#### Your instructions
If a line in the data below includes the string "ITALIKA", please return a copy of it.
--------
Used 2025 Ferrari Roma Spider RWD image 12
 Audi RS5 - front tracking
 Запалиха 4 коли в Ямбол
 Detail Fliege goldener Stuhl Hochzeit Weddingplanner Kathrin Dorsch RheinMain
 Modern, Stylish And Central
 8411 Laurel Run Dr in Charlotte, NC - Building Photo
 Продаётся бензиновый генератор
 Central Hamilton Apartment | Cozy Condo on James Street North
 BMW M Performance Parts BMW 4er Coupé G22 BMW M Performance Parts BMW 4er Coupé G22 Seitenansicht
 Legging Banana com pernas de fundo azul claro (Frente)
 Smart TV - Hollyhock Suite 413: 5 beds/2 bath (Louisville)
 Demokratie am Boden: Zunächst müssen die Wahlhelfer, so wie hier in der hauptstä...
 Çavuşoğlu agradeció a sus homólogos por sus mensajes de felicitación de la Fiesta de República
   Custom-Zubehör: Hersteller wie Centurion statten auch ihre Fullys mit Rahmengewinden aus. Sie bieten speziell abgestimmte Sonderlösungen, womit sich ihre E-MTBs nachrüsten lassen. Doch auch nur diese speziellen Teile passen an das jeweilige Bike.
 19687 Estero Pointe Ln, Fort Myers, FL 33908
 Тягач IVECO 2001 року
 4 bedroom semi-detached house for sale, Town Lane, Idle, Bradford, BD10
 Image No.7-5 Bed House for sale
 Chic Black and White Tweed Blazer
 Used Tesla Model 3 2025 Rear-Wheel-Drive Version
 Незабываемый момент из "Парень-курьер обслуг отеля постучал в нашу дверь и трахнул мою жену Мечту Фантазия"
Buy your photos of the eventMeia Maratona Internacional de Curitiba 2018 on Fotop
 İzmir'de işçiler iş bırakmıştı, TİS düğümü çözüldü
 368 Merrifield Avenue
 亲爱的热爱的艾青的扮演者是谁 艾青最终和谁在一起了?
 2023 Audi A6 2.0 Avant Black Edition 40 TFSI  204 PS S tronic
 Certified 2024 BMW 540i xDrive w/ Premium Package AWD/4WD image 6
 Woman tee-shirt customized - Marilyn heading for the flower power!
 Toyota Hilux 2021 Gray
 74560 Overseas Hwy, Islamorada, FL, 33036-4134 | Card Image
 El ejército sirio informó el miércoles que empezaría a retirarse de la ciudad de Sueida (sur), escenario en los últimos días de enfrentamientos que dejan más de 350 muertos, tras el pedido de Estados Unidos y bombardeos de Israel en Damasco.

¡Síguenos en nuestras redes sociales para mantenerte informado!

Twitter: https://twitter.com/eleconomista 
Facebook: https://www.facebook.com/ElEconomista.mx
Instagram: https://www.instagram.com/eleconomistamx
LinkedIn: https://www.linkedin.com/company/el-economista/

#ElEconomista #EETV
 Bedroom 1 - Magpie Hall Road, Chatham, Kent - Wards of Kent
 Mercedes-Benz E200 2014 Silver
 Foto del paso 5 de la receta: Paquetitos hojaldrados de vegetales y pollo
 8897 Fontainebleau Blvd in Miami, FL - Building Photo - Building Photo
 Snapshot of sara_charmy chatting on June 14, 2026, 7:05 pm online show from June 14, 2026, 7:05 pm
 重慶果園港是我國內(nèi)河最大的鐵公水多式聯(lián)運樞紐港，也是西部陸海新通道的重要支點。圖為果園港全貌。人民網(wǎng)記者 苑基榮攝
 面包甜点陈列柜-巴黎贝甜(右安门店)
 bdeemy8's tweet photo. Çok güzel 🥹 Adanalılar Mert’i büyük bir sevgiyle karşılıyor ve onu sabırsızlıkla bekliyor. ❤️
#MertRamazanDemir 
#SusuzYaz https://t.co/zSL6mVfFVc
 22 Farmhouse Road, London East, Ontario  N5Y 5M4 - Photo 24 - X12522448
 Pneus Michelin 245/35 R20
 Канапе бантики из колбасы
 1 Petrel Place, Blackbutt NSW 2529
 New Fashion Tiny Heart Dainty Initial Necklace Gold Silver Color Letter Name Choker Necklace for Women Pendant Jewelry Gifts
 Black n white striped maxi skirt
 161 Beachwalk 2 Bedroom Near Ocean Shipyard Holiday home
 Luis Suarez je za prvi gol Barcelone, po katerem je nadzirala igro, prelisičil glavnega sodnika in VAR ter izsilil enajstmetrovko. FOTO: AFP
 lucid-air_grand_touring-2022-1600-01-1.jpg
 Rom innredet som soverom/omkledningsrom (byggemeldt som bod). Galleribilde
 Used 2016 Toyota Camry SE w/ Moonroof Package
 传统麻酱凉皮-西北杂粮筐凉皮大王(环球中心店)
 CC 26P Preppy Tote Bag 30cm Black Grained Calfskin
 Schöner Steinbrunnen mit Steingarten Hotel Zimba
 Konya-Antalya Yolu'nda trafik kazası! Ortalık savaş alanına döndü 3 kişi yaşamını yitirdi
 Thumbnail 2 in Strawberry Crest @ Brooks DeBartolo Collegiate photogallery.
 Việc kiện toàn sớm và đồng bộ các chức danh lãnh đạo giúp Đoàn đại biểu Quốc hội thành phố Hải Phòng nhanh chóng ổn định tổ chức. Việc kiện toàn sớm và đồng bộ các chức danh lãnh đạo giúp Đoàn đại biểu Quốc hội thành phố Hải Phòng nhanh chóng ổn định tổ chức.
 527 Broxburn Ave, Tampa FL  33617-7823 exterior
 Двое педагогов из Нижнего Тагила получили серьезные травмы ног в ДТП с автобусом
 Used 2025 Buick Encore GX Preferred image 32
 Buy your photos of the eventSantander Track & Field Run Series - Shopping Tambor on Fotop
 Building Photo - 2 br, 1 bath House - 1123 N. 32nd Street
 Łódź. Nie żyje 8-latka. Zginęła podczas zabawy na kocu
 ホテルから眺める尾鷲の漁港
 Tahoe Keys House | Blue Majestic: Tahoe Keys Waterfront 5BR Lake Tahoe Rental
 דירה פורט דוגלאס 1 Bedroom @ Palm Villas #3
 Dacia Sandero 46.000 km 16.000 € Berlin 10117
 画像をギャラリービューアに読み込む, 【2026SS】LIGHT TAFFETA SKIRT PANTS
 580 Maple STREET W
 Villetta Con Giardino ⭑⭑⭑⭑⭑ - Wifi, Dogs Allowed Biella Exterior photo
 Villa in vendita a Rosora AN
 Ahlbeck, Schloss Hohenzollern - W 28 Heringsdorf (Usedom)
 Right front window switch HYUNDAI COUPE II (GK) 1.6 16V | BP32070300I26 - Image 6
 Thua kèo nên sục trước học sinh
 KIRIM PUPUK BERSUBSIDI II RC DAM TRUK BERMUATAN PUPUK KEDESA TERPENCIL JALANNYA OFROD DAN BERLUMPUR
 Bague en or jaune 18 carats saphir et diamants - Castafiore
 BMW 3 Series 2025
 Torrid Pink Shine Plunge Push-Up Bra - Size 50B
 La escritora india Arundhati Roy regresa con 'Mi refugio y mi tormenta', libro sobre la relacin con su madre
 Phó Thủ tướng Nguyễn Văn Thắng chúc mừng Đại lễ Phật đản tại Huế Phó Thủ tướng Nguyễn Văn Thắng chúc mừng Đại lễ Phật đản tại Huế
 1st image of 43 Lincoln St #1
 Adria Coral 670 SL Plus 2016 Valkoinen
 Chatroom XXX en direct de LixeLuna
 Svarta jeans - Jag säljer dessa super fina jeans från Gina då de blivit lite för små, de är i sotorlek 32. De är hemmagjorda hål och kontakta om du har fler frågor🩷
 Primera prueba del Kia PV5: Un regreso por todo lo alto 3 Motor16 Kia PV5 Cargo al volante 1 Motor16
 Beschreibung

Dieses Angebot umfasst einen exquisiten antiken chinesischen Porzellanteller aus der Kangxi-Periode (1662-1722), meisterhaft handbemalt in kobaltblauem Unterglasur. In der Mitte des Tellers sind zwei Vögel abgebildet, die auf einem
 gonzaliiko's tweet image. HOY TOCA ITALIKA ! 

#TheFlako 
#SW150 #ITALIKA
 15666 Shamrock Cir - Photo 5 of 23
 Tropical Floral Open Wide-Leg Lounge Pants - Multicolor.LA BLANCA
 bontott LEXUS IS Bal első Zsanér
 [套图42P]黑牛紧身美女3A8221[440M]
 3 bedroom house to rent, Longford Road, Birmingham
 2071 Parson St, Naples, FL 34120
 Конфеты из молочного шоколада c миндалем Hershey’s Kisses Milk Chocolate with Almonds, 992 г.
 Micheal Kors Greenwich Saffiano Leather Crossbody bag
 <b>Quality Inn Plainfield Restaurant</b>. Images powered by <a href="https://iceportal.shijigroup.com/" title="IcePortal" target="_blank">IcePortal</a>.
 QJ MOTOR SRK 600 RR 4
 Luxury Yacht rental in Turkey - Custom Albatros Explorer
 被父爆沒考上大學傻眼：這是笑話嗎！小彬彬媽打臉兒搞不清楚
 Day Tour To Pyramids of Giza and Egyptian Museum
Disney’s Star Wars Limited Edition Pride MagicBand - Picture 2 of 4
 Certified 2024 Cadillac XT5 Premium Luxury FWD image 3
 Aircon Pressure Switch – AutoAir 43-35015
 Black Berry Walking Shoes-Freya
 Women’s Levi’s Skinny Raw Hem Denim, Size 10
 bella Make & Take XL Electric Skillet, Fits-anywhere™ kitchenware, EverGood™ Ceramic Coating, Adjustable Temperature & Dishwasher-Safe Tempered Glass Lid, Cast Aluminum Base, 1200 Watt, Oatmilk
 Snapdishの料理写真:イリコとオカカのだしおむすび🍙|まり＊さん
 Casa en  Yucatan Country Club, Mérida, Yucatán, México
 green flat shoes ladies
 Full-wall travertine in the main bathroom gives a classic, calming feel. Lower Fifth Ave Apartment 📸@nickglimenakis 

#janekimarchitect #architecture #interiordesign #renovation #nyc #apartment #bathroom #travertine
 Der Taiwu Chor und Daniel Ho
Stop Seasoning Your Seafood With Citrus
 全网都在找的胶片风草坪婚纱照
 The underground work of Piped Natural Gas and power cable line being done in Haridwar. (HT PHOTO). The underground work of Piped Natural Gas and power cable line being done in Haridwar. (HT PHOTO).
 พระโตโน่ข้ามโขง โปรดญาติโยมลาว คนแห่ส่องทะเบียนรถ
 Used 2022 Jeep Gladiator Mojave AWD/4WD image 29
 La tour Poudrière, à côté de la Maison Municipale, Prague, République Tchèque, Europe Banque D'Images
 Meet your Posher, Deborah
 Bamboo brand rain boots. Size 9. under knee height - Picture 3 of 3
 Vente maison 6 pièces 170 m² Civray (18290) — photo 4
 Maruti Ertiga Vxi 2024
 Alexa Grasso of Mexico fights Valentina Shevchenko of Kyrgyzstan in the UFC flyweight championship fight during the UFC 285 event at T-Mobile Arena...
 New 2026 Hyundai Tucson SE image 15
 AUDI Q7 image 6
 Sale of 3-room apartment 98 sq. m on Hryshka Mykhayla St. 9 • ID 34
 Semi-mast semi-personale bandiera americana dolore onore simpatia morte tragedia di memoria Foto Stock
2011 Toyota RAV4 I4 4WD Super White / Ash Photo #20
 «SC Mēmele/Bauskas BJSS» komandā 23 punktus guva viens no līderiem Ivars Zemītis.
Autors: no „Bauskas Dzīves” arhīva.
--------
#### Answer to the exercise
 gonzaliiko's tweet image. HOY TOCA ITALIKA ! 
#SW150 #ITALIKA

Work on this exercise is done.